═════ Materials provided
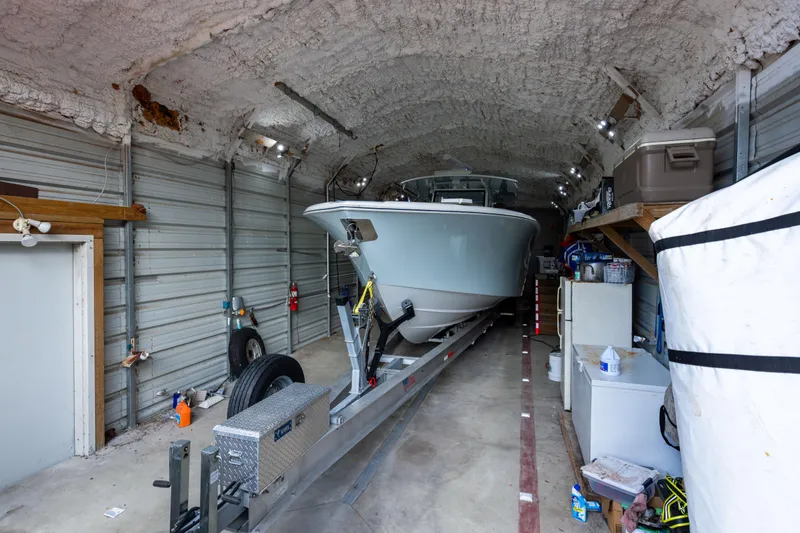  Yacht Photos Pics 2018 Yellowfin 39 Offshore boat stored in a spacious garage with equipment.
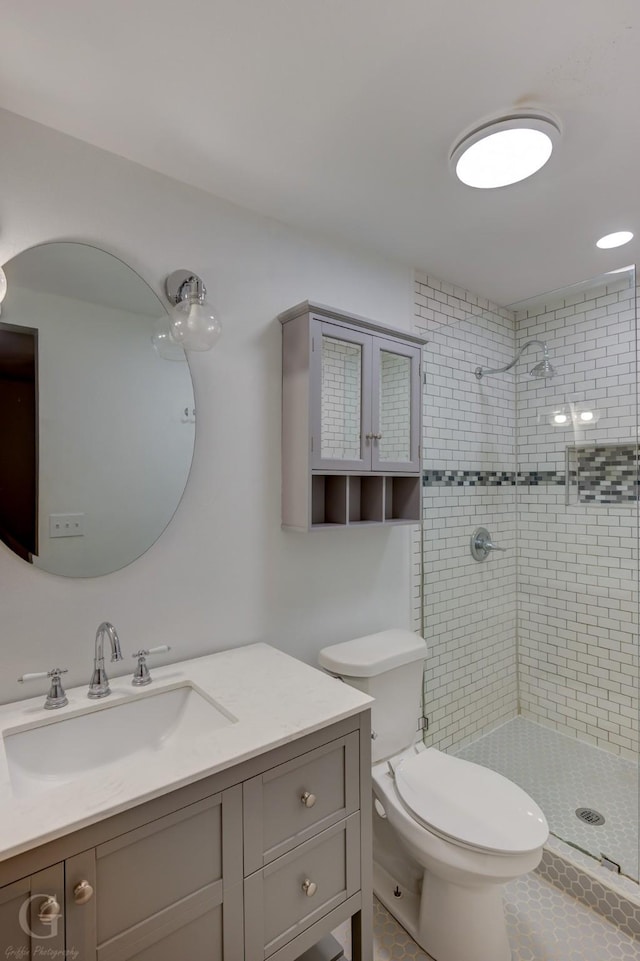 bathroom featuring a shower stall, toilet, and vanity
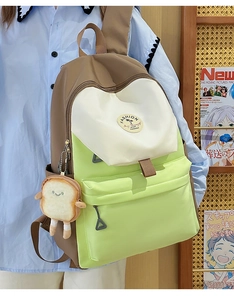 Detail view of contrast color backpack with a cute plush toast pendant and fashion logo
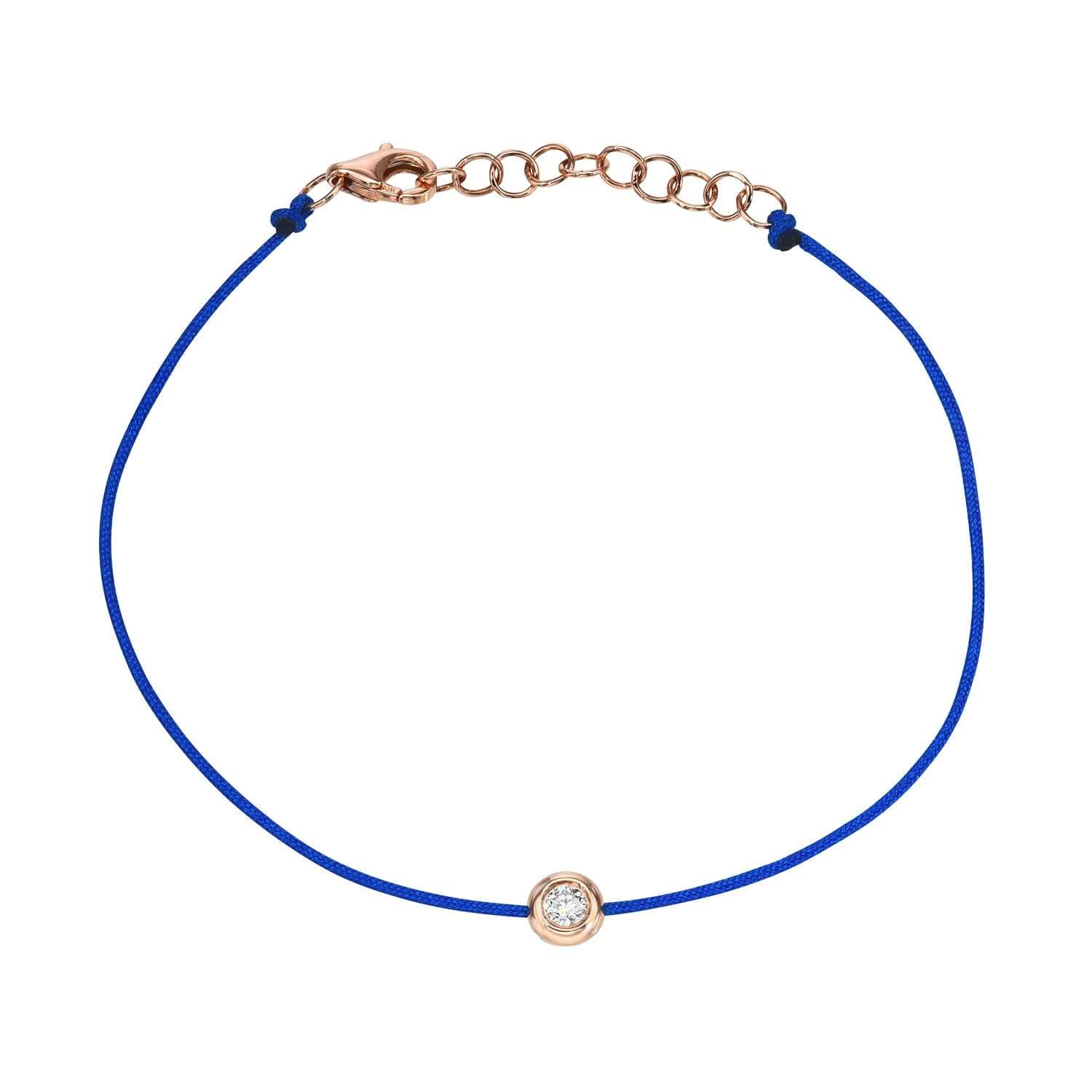 Explore the sophistication of the Cobalt Blue Round Diamond Cord Bracelet by Janet Heller Fine Jewelry. Featuring a thin blue cord, a small round gold setting with a clear gemstone, and an adjustable chain with a gold clasp, its perfect for personalized style. Contact us for more details.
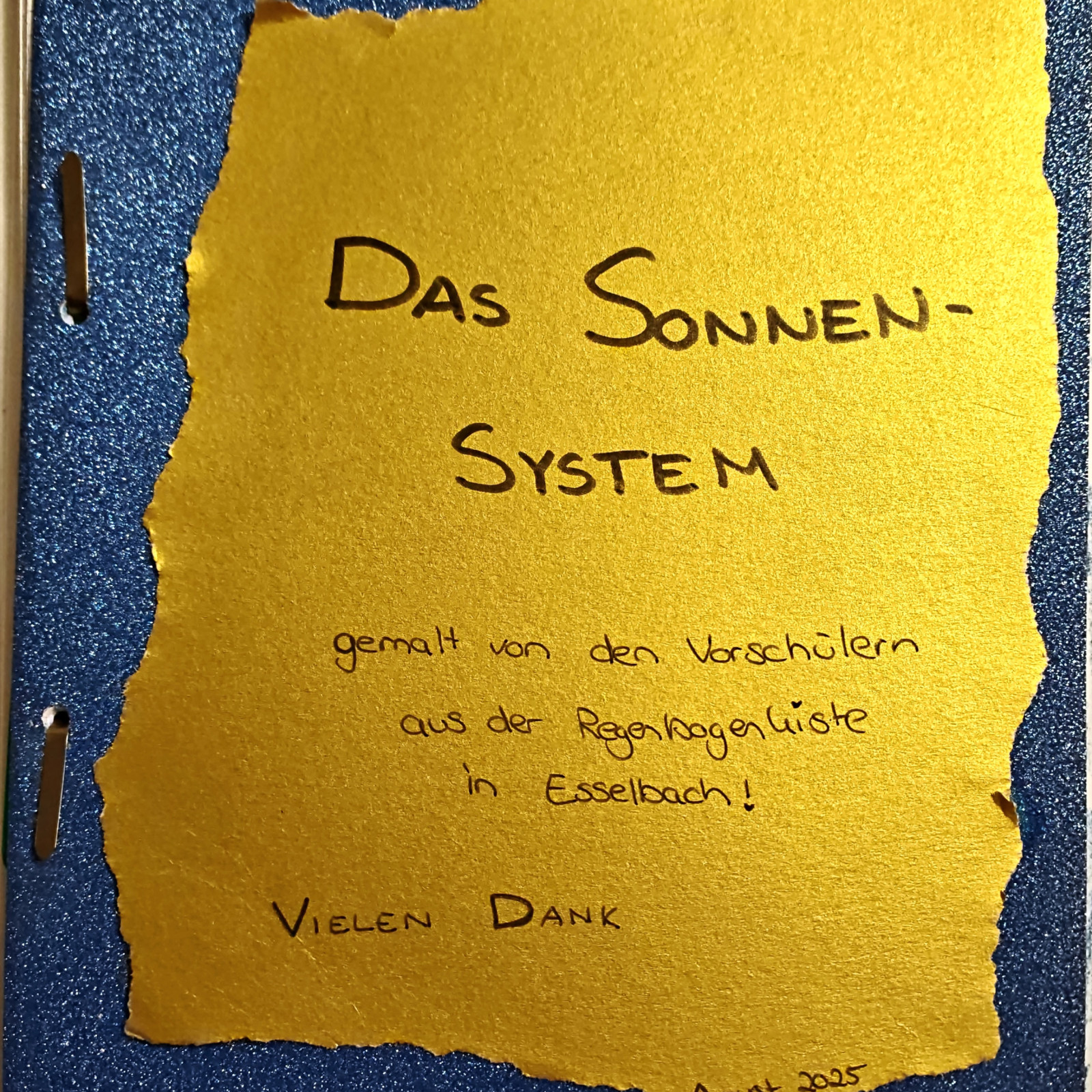 Blauer Ordner mit goldener Papierseite, 'Das Sonnensystem' in handgeschriebener Schrift.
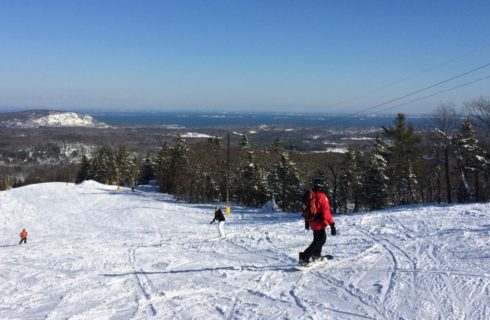 A skier and snowboarder going down a ski slope with a lot of white powder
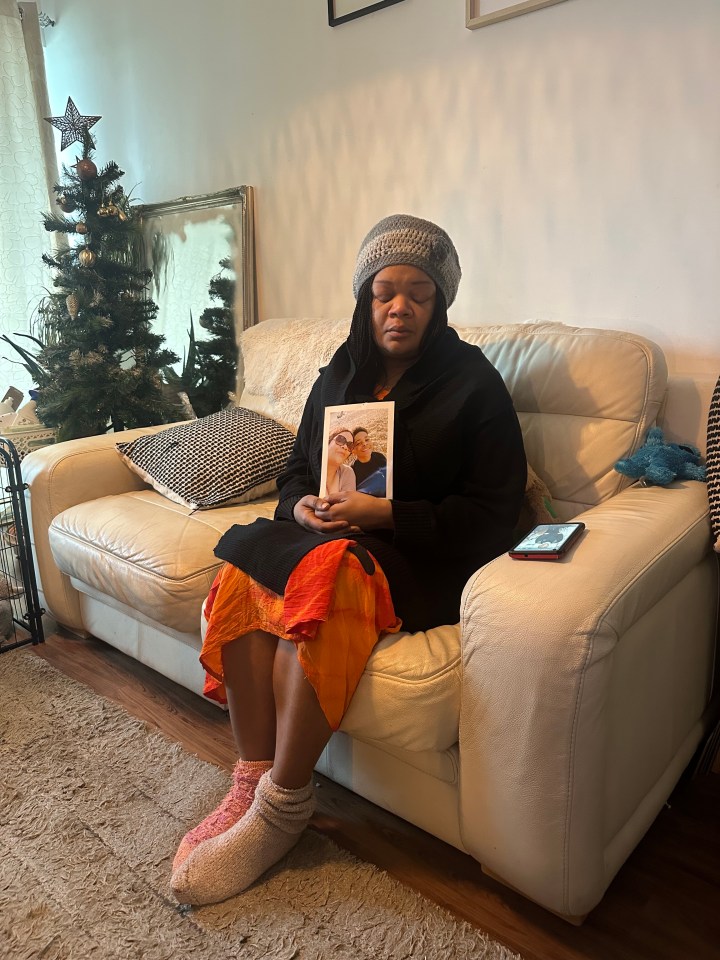 A grieving mother holds a photo of her deceased son.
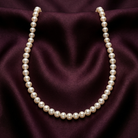 Pearl necklace on a purple fabric background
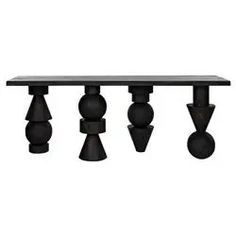 a table with three black vases on it and one is made out of wood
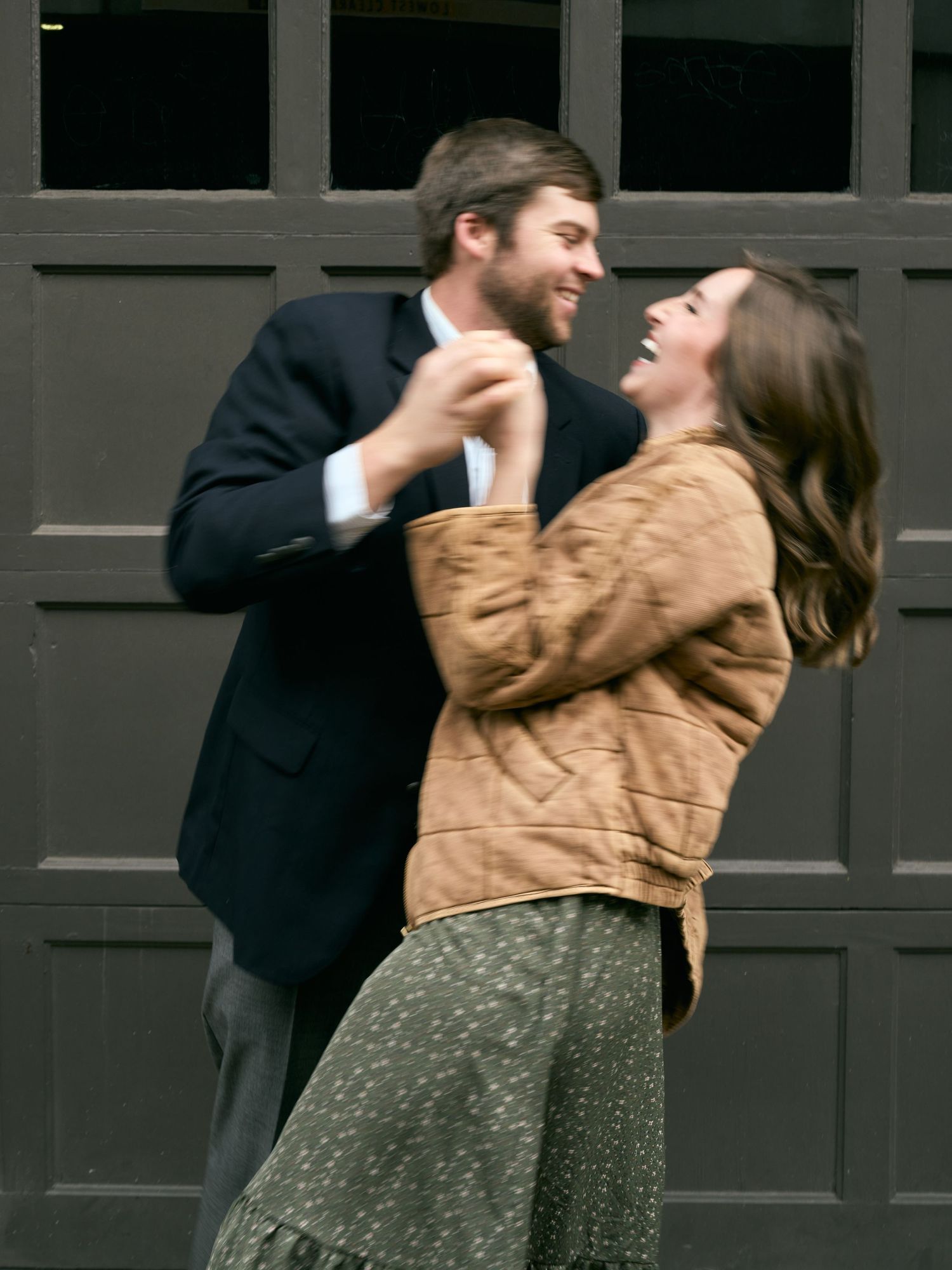 A couple shares a joyful dancing embrace in front of a dark door.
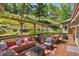 Inviting outdoor deck with a pergola, comfortable seating and a view of the surrounding greenery at 32209 Blue Springs Dr, Evergreen, CO 80439
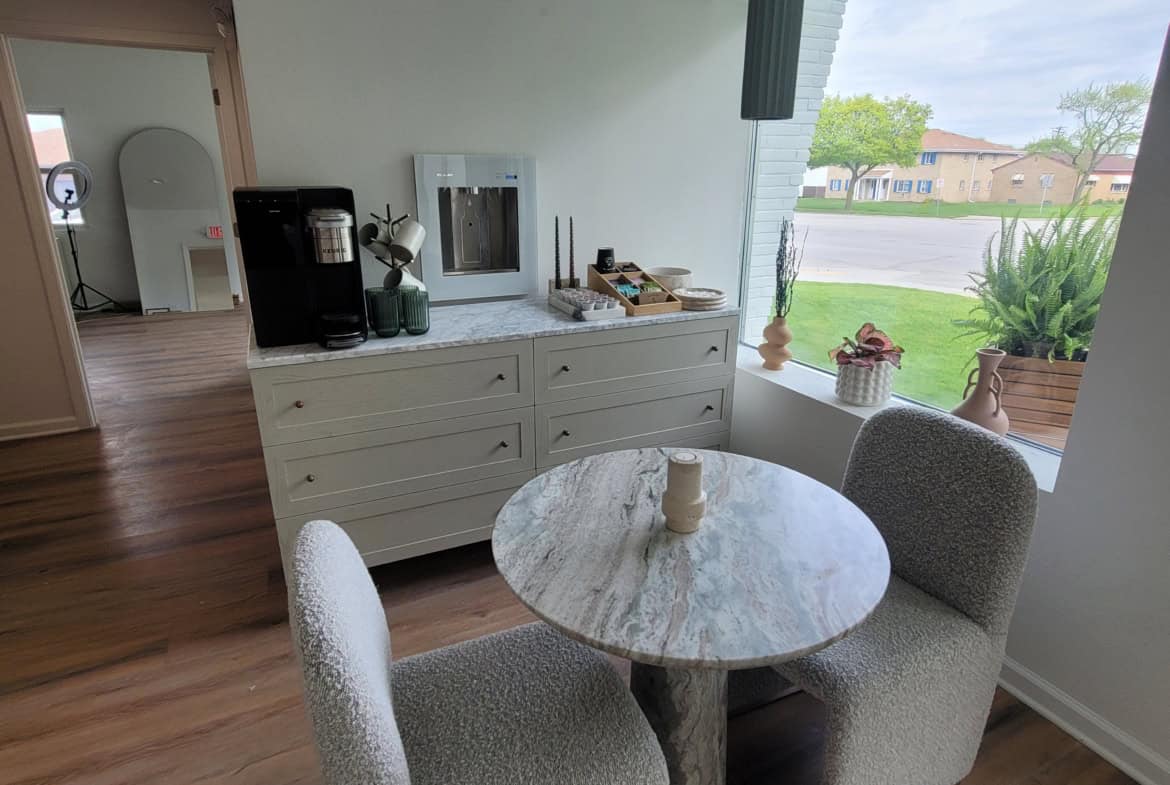 Comfortable salon lounge with round table and large window view.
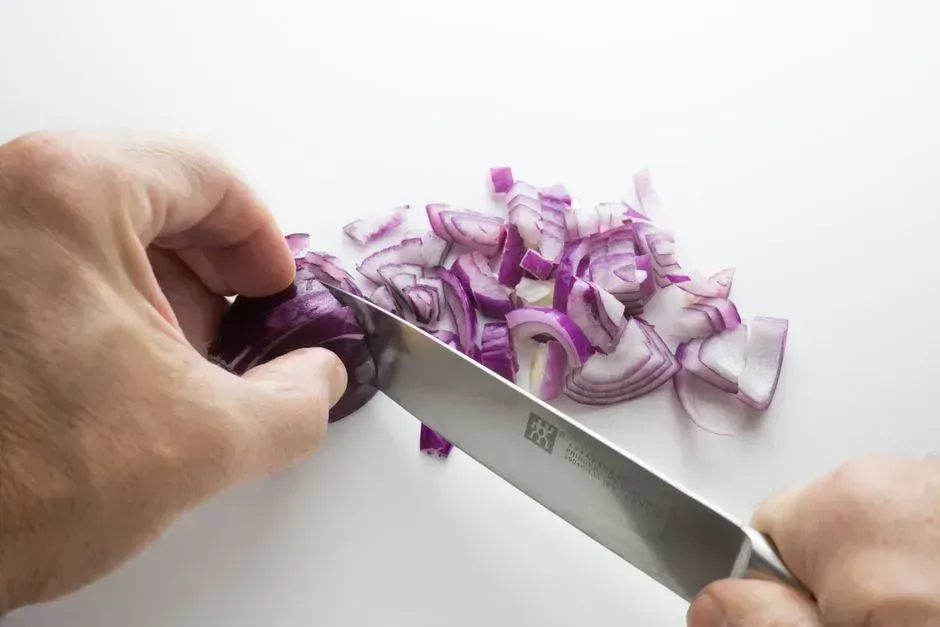 8. Cutting onions from the wrong end (Image Credits: Pexels)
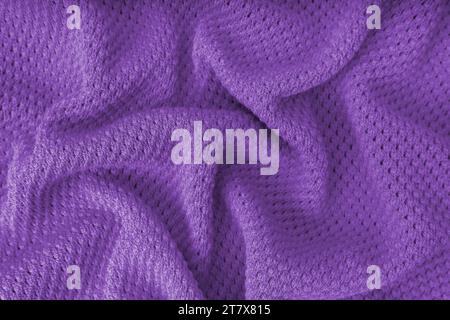 Violette Farbe zerknittert, zerknitterte Strickwolle Textur. Hintergrund von gestricktem Stoff mit Punktmuster. Textilstruktur, Tuchoberfläche, Weben Stockfoto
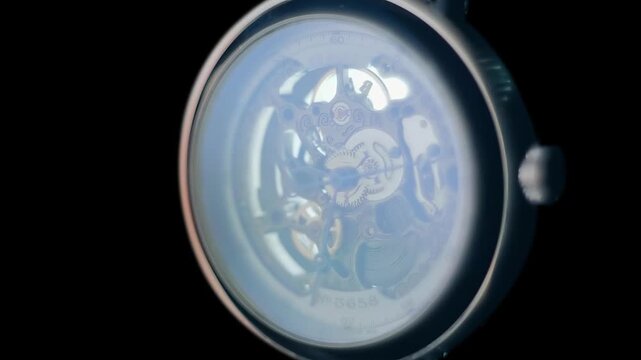 The skeleton watches reflect bright flashes, in tact with the time they accurately count, on a black background, on a black background. Closeup. Macro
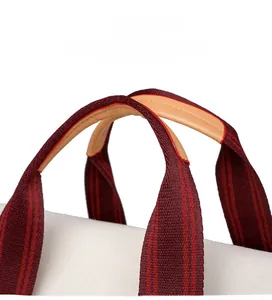 Detail of red and brown striped canvas bag handles with reinforced light brown leather grip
══════════
:: What you will do ::
Leave out the pictures and return, exactly as written, only the lines from the line with "a table with" through the end of the records above.

:: Solution to the exercise ::
 a table with three black vases on it and one is made out of wood
 A couple shares a joyful dancing embrace in front of a dark door.
 Inviting outdoor deck with a pergola, comfortable seating and a view of the surrounding greenery at 32209 Blue Springs Dr, Evergreen, CO 80439
 Comfortable salon lounge with round table and large window view.
 8. Cutting onions from the wrong end (Image Credits: Pexels)
 Violette Farbe zerknittert, zerknitterte Strickwolle Textur. Hintergrund von gestricktem Stoff mit Punktmuster. Textilstruktur, Tuchoberfläche, Weben Stockfoto
 The skeleton watches reflect bright flashes, in tact with the time they accurately count, on a black background, on a black background. Closeup. Macro
 Detail of red and brown striped canvas bag handles with reinforced light brown leather grip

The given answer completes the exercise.